Deadlier opioid now on streets

 

Police warned of drug so powerful it can kill in one breath

CT – The powerful synthetic opioid carfentanil has made its way to the area and was part of a drug cocktail that claimed its first victim, a man who died in Norwalk CT.

Officials last year said there was no clear indication the opioid, which the Drug Enforcement Agency says is often used as an elephant tranquilizer, was in the state. The opioid is 100 times stronger than the drug fentanyl, which caused three fatal overdoses in New Haven last June.

But the state of CT Office of the Chief Medical Examiner confirmed a man in Norwalk died on April 17 from an overdose involving carfentanil and other fentanyl analogues. The ME’s office said the man’s death, ruled accidental because it was an overdose, was caused by acute intoxication due to combined effects of carfentanil, fentanyl, acetyl fentanyl, butyryl fentanyl, heroin, Etizolam, methadone and alprazolam, an anxiety medication.

 The man also had a synthetic opioid called U-47700 in his system, another powerful opioid whose threat to public health prompted the DEA to make it a Schedule 1 narcotic.
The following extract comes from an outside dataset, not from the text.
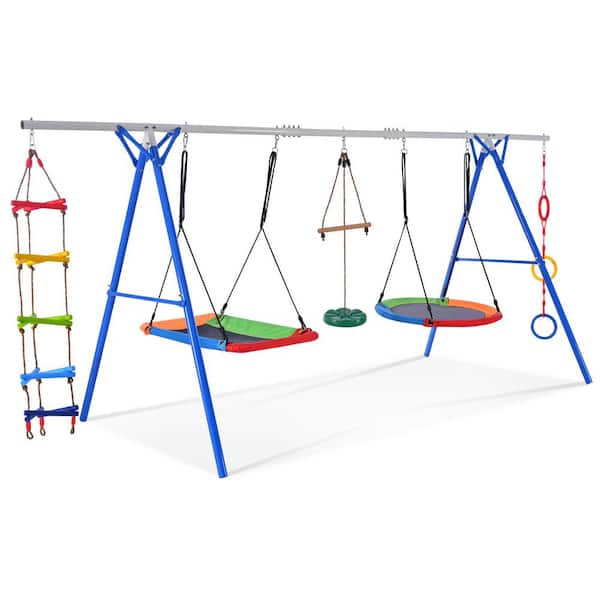 Asa Metal Outdoor Swing Playsets with Climbing Ladder, Saucer Swing, Monkey Bar Swing, Disc Swing and Swing Ring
The DEA says carfentanil is about 10,000 time stronger than morphine, which is often used in medical settings as a painkiller. Carfentanil’s potential presence in the state last year prompted the state’s Health Department to dispense a DEA fact sheet to hundreds of medical emergency service providers last fall. The opioid’s toxicity poses a threat not only to users, but responders who may come in contact.

It’s unclear how widespread the drug has become nationwide, though its presence in New England has been known for several months.

A trail of death

Carfentanil has been involved in at least six overdose deaths in New Hampshire since April, according to New Hampshire Public Radio. The Portland Press Herald reported the opioid claimed its first victim in Maine in April.
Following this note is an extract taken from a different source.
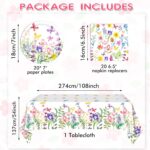 41 PCS Wildflower Party Decorations Floral Theme Disposable Tableware floral pap... - Image 3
The Massachusetts State Police said three samples tested this week by their crime lab tested positive for carfentanil. It marked the first time the opioid had been identified in Massachusetts, but state police there said in the release they were not aware of any carfentanil overdose deaths in that state.
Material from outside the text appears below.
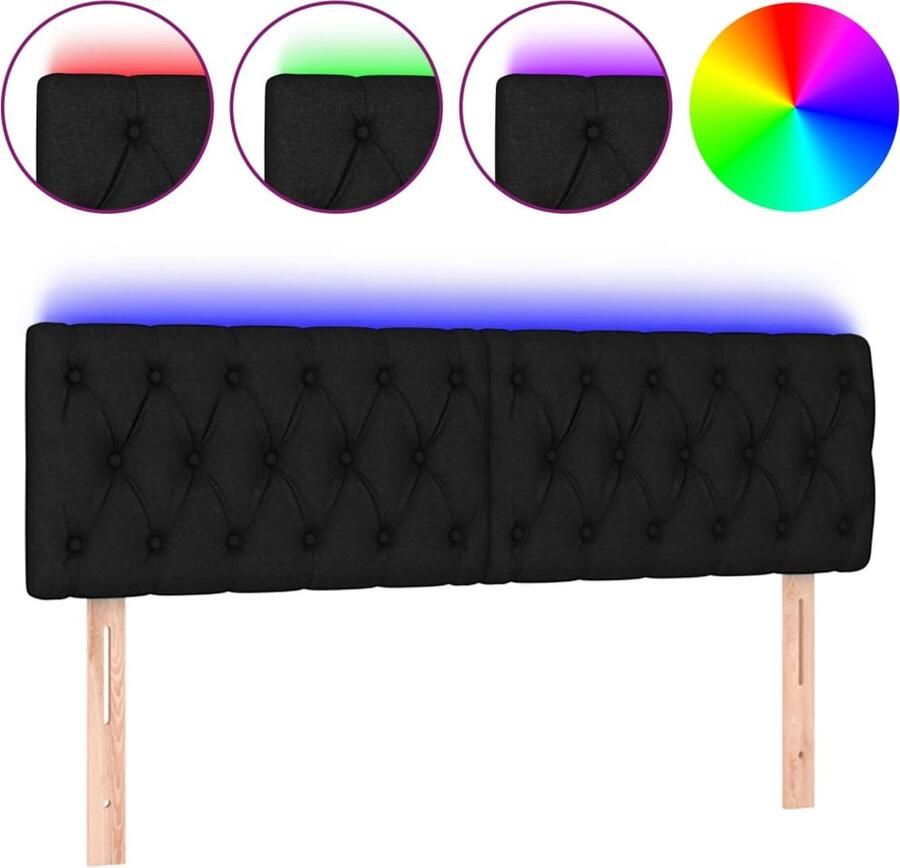 VidaXL Hoofdbord LED 144x78 cm Zwart Stof Hoofdboard Led Headboard Hoofdbord Zwart Hoofdkussen Slaap Accessoires Kamer Decoratie Bedroom Furniture - Foto 2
“Members of the general public and first responders are urged to be aware of the extreme lethality of carfentanil,” Massachusetts State Police said in a release. “Carfentanil can come in many forms, and can be mixed with other drugs or disguised as heroin.”

In New Haven, the drug’s presence has prompted the Yale School of Medicine’s Community Health Care Van to train local drug users to test their opioids using a test strip to detect the presence of carfentanyl, according to van director Dr. Frederick L. Altice.

Altice said they’re advising clients not to use opioids alone and are providing more access to naloxone, the overdose antidote medication.

“More broadly, we are alerting all of our clients about this new information and training them that in the absence of wanting to use the test strips that they use smaller quantities as a ‘test’ to see if their ‘opioid’ is extraordinarily potent,” Altice said in an emailed response. “This information is disturbing and we remain majorly concerned but we are trying to be proactive.”

Last year, 917 people died from accidental drug overdoses in Connecticut. Fentanyl was found in 483 of those overdoses.

Fair Haven Community Health Center Vice President of Clinical Affairs Dr. Doug Olson said the public should be more informed about carfentanil.

“My personal experience is that there is not a great amount of knowledge, in at least the community that we serve, about carfentanil,” Olson said.

Olson’s clinic primarily serves low-income patients. While patients at the Fair Haven clinic haven’t said they’ve been using carfentanil, Olson said the clinic has made an effort to inform users about its potential danger.

It starts with photograph: Personnel at the clinic have been using an image showing how much of three kinds of opioids is needed to kill a person. The image includes heroin, fentanyl and carfentanil. Olson said it’s been shown to opioid users and cocaine users.

The visually-striking image, “really hammers the point home,” Olson said.

“Most people have not heard of it, don’t know that it can taint their substances,” Olson said. “They’re ill-informed. We try to inform them with the ultimate goal of helping them stop using it altogether or help them use less.”